The idea of siting an airport in the vicinity of Onitsha was first conceived in the late 1970s, shortly after the creation of Anambra State. Anambra then comprised the present-day Anambra, Enugu, and parts of Ebonyi State. The airport as conceived at that time was to be a cargo airport that would mainly serve the transportation and commercial interests of Onitsha and Nnewi.
The idea was popularly welcomed not only by Anambra people but also by the entire people of the South-East for the promises it held and the quantum development it was expected to bring to the area. Feasibility studies were quickly undertaken and the suburban town of Oba in Idemili South Local Government Area of the state was chosen for the project. Thenceforth, the project became known as Oba Airport. Work began in earnest at the Oba site with initial clearing and grading. The extent of work done was such that on two of his visits to Anambra State, the late Pope John Paul II landed at the Oba Airport site.
Unfortunately, over thirty years after the idea was conceived, Anambra people are still waiting in vain for the actualization of the airport project. Part of the reason for this was that shortly after the initial clearing and grading, the project lost its momentum and was abruptly abandoned. The government of the day claimed that work had to be suspended because of paucity of funds. Successive governments did virtually nothing about the project. At a point, rumours made the rounds that transporters in Nnewi and Onitsha, especially ‘luxury bus’ owners, were strongly opposed to the idea of locating an airport in their vicinity because of the apparent fear that the realisation of such a project would affect their land transport business negatively. They envisaged, it was claimed, that many travellers would prefer to catch a flight from Oba to Lagos, Abuja or Kano rather than go through the excruciating pains of travelling many hours on the dilapidated Nigerian roads. In order to see that their fear is mitigated, the rumours said, these ‘luxury bus’ owners bribed successive governments so as to stall the airport project.
Whether these rumours were true or false, we cannot authoritatively say. But for whatever reason, the airport project remained in limbo until April 2007 when Andy Uba, former special assistant on domestic affairs to General Obasanjo, became governor of Anambra State and again revamped the hope for the state’s airport. He subsequently used every opportunity that presented itself to announce to Anambrarians that he would soon mobilize all necessary resources to complete the project. At a point, it was even claimed that he had re-awarded the contract and that some heavy construction machinery were already heading towards Oba for groundbreaking.
Many in the state dismissed Uba’s promises as mere political sloganeering and empty propaganda, arguing that he was merely using the airport project to play on the sentiments of the citizens of Anambra in an attempt to make them accept him as their governor, considering the way he came to power.

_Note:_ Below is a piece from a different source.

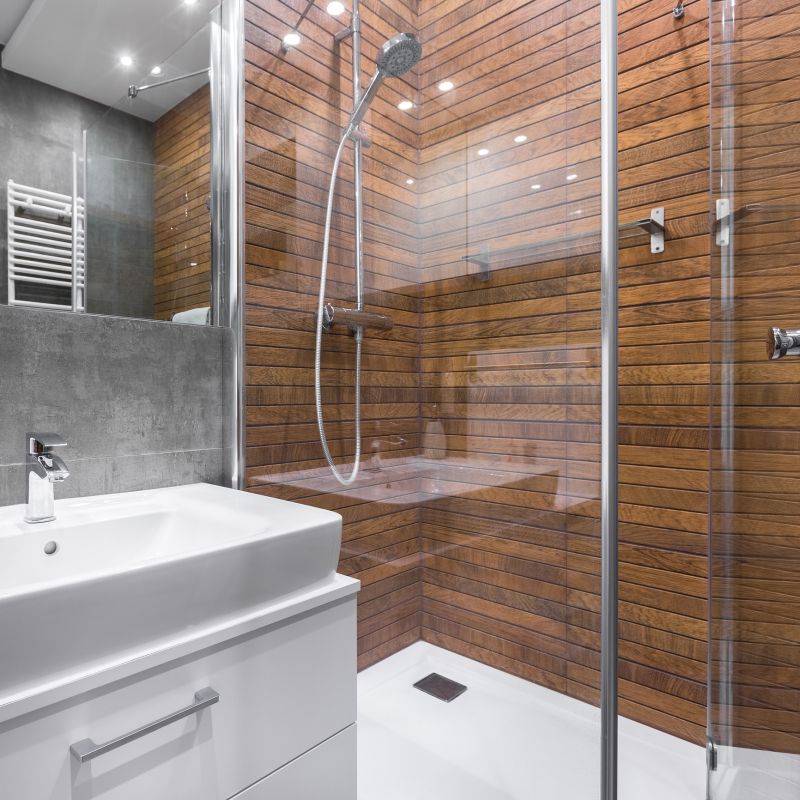 Contemporary Shower with Glass Door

But before Uba would have the chance to prove whether he meant business or not, he was kicked out of the Anambra Government House by the nation’s Supreme Court, and Mr Peter Obi, the present governor of the state, was sworn in.
On coming to power, Mr Obi, who had said on many occasions that an airport would form part of the proposed mega city being planned by his administration around the Omambala area of the state where there is enough land for development, revisited the Oba Airport project with renewed vigour which raised the hopes of Anambra people. But again, his approach to the issue has further exacerbated the frustrations, controversies, intrigues and politicking that have already trailed the project.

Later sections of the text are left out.